Um timestamp Windows: inteiro sem sinal de 64 bits de ticks de 100 nanossegundos desde 1601-01-01 UTC. Veja o post FILETIME para receitas de conversão.

FileReferenceNumber

Um número de entry MFT combinado a um número de sequência, empacotado em um valor de 64 bits. Rastreia um arquivo específico através da reutilização do MFT — mesma entry, sequência diferente, significa entry reciclada.

fsutil usn

A CLI suportada pela Microsoft para consultar e gerenciar o journal USN: habilitar/desabilitar, consultar tamanho, dumpar registros. Veja a referência Microsoft Learn.

hreflang

Sinal HTML/HTTP que diz aos motores de busca qual tradução de uma página servir em qual locale. Distinto do atributo lang.

MITRE ATT&CK

O framework comunitário que mapeia comportamentos adversários. Referenciamos no blog técnicas como T1486 Data Encrypted for Impact e T1074 Data Staged.

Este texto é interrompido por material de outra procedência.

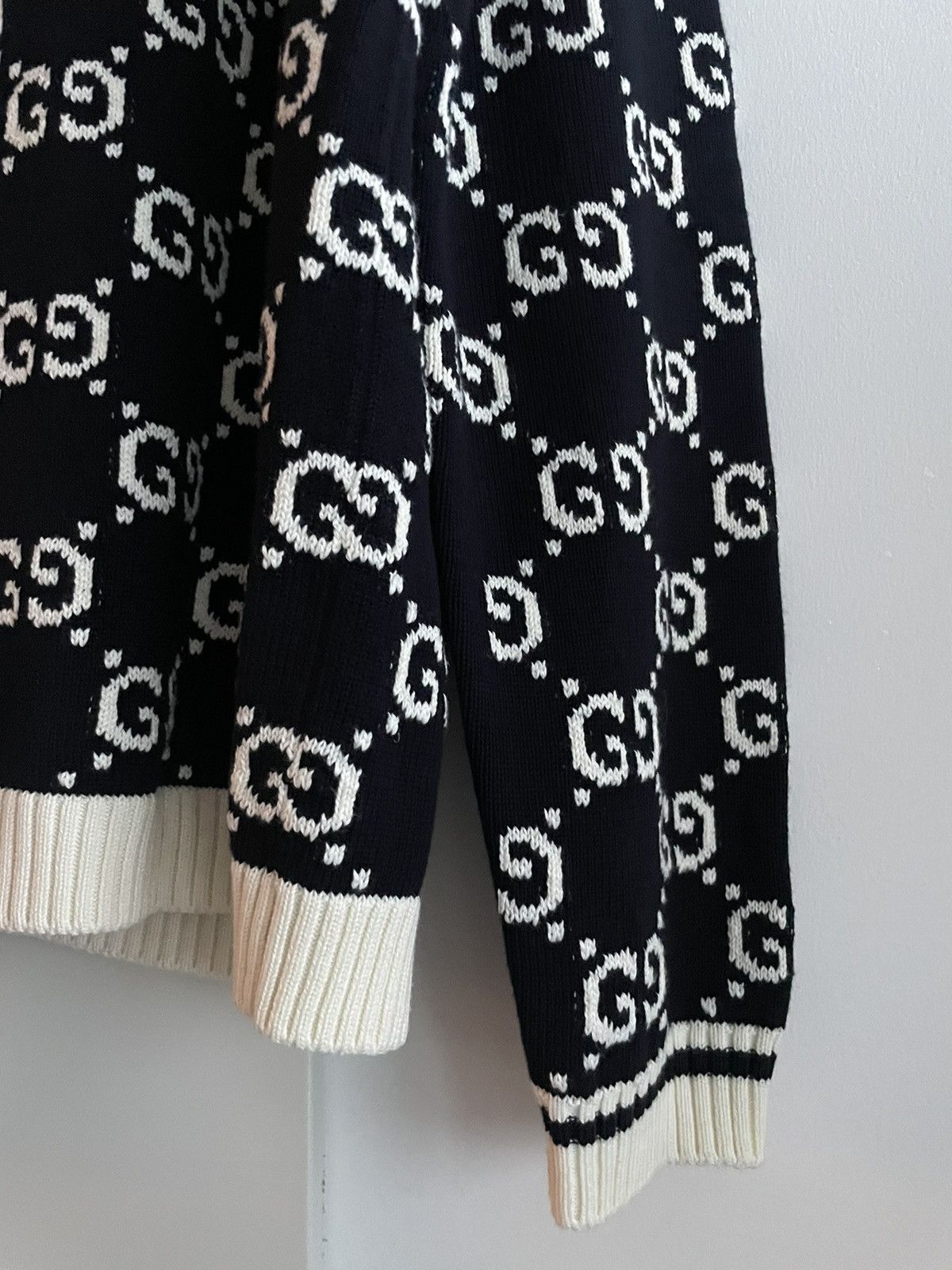 Gucci Super Runway Cardigan Gucci GG Sweater Size US L / EU 52-54 / 3 - 22 Thumbnail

RenameOldName / RenameNewName

Flags de razão USN emitidas aos pares a cada renomeação — a metade «antes» nomeia o caminho antigo, a metade «depois» nomeia o novo. Ambos os registros compartilham o mesmo FileReferenceNumber.

Reparse point

Uma estrutura de metadados NTFS que redireciona um caminho para outro lugar — junctions, links simbólicos, pontos de montagem. Visível no journal via ReparsePointChange.

Ring buffer

O modelo de armazenamento de tamanho fixo e em ciclo do journal USN: quando o journal enche, os registros mais antigos são sobrescritos. Tamanhos padrão vão de ~10 MB em clientes a 1 GB+ em servidores.

TSK

The Sleuth Kit — a biblioteca e as ferramentas CLI open source de Brian Carrier (fls, icat, mmls…). O toolkit livre de referência para trabalho de baixo nível em filesystems.

USN

Update Sequence Number — o offset por registro dentro do journal. O campo usn de cada registro é a posição em bytes; é por isso também que o journal pode ser endereçado e seekado por USN.

Volume Shadow Copy (VSS)

O mecanismo de snapshot nativo do Windows. Snapshots podem ser montados e parseados para versões anteriores de arquivos e metadados, incluindo estados anteriores do MFT.

WebAssembly

Um formato binário portátil que roda nos navegadores em velocidade quase nativa. O módulo WASM do USN Parser tem ~105 KB e parseia 720k registros em ~1,4 s num Macbook recente.